My studies took place at the Beaux-Arts in Paris and then at the Sorbonne. I lived in the Quartier Latin and in Montmartre. I spent most of my life in the City of Lights.
I worked as a journalist for the Nouvel Observateur, Le Monde diplomatique which are national newspapers, France Culture radio and also the Capa press agency. Being a woman in a world of men - because the editors are still overwhelmingly male, except in newsrooms like Vogue or Elle - is a real challenge. As women, we must impose ourselves. It’s a real fight!
I mainly wrote articles on international politics, dealing with social issues and environmental issues. You remember the movie “Erin Brockovich”? I did a similar investigation. My editor had nicknamed me “Erin”. It was trying, but also very humanly rewarding.
After scanning the banks of the Seine and walking across Paris on all sides, the day I had the opportunity to change scenery, I said yes, right away. Not that Paris bored me, but because discovering other horizons was exciting.
My husband, my daughter and I, first moved to Sydney, Australia. It is difficult to go further. It’s the end of the world! After one year, my husband was transferred to New York. We had three months to get used to the idea of changing country again.
This is my third year in the United States. I had taken language courses in Australia, which allowed me to order coffee, at least. I’m exaggerating, sort of. My English learned in France was pretty basic. Our English teachers are French. This partly explains our disastrous accent.
When I arrived in New York City, everything I saw was familiar to me and at the same time everything was extraordinary: the streets, the taxis, the buildings…The sound universe also: the sirens of firefighters, those of the police, or trains.

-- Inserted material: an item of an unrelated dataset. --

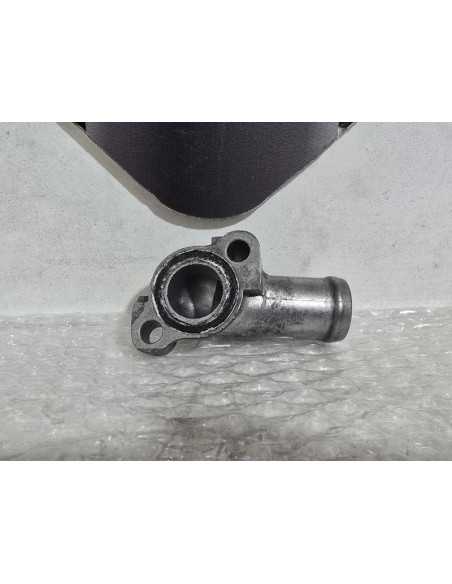 Rear Cylinder Head Transition Fitting Water Honda Vfr 800 RC46A 2007, 19523MT3000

Surprised to see white eggs (they are yellow in France), order Chinese food in cardboard boxes like in the movies, cry while looking for cheese and desperately looking for a baguette… It was little things like that. I was amazed by the kindness of the people here. Welcoming neighbors, who say hello, it was very new to me.

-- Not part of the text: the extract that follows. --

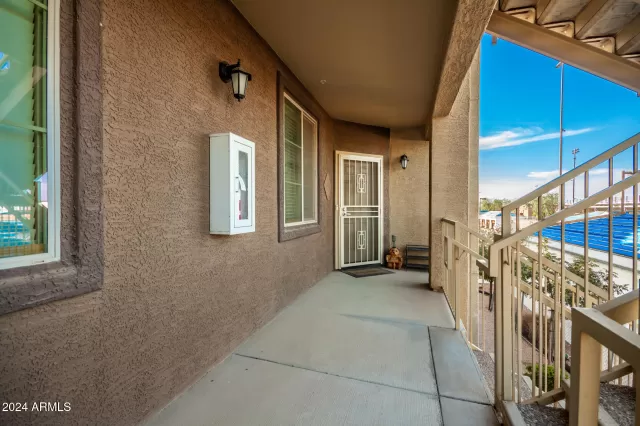 MLS: 6798149 Condo For Sale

What is fascinating is discovering a world city. There are absolutely all nationalities in New York City. My daughter was immediately taken care of by the staff of her school so that she had a good English level.
Unlike France, one can take language courses for free. Without the language, we are alone. Human beings are social animals. We need others. It is essential to speak the language of the country in which we live. I found the LVA program and it saved my life. Abby and Rosalee are my two tutors. I’m gradually learning to speak English better. They are both benevolent, patient and undoubtedly competent. Thanks to my tutors, I hope to resume my job as a journalist.